The so-called Aussie extended gains after touching the highest level this month against the yen and dollar after U.S. payrolls rose less than projected in August, spurring speculation continued weakness will encourage the Federal Reserve to add stimulus. The South Pacific currencies rose against most major peers after commodity prices yesterday climbed for the first day this week.
“The Australian dollar is going to be well supported today,” said Andrew Salter, a strategist in Sydney at Australia & New Zealand Banking Group Ltd. “The decision by the ECB to engage in some form of asset-purchase program is going to underpin risk sentiment. That’s going to benefit the Australian dollar.”
The Aussie rose 1 percent to $1.0392 as of 1:30 p.m. in New York, after touching the strongest level since Aug. 29. The currency advanced 0.2 percent to 81.24 yen and reached 81.63, the most since Aug. 29. The New Zealand dollar, known as the kiwi, added 1.3 percent to 81.18 U.S. cents following yesterday’s 0.9 percent advance.
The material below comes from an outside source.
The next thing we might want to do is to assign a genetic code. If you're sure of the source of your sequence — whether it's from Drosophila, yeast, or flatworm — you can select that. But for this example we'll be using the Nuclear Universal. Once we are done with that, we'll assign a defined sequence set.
The Australian dollar has climbed 0.7 percent since Aug. 31, snapping three weeks of declines. The New Zealand dollar strengthened 1 percent over the past week.
Australian government bonds fell, pushing the yield on 10-year government debt to its highest level since Aug. 29. The rate advanced 10 basis points to 3.20 percent. The advance in rates was the biggest since Aug. 16.
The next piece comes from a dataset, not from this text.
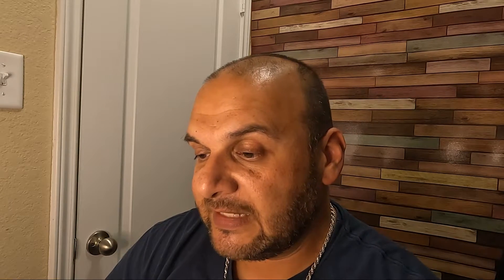Number one: make sure that you hide notifications on the stream so that the only things posted there are actual announcements, and the classwork section stays nice and clean with assignments. Number two: build topics so it's easier for students to navigate and find work based on chapter, unit, or week. The third tip I'd like to share is about the classwork section.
The MSCI Asia Pacific Index of stocks climbed 2.7 percent. That followed gains yesterday of 1.9 percent in MSCI’s World Index and 0.2 percent for the Thomson Reuters/Jefferies CRB Index of raw materials, its first advance since Aug. 31.
The Aussie and kiwi rose yesterday after European Central Bank President Mario Draghi announced an unlimited bond-purchase program to regain control of interest rates in the euro area and fight speculation of a currency breakup.
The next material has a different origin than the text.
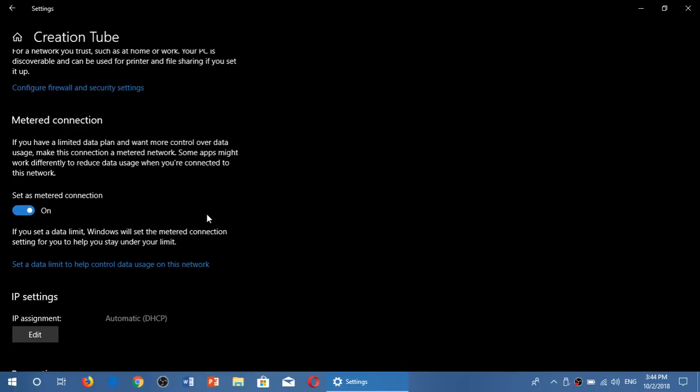And when you're ready and you want to have it, all you have to do is go back here and put the switch at off for set as metered connection and it's going to actually download after you do this.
The program “will enable us to address severe distortions in government bond markets which originate from, in particular, unfounded fears on the part of investors of the reversibility of the euro,” Draghi said at a press conference in Frankfurt after the ECB held its benchmark rate at a record low of 0.75 percent.
The U.S. economy added 96,000 workers after a revised 141,000 increase in July that was smaller than initially estimated, Labor Department figures showed today in Washington. The median estimate of 92 economists surveyed by Bloomberg called for a gain of 130,000. The jobless rate fell to 8.1 percent.
Concern about jobs growth may prompt the U.S. central bank to implement a third round of asset purchases, or quantitative easing, in a bid to stimulate the economy. Such measures tend to debase the U.S. currency relative. The Fed’s policy committee next meets Sept. 12-13.
A private report today indicated that Australia’s building industry shrank in August at the fastest pace in 11 months, led by a slump in apartments and weaker engineering construction as demand from the resources industry wanes. The construction performance index fell to 32.2 last month from 32.6 in July, a survey by the Australian Industry Group and the Housing Industry Association released showed.
Australia recorded a wider-than-estimated trade deficit in July as weaker exports of gold and iron ore outpaced a decline in imports of industrial equipment. The shortfall was A$556 million ($574 million), from a revised A$227 million deficit in June, the Bureau of Statistics said today. The median estimate in a Bloomberg survey of 21 economists was for a deficit of A$300 million.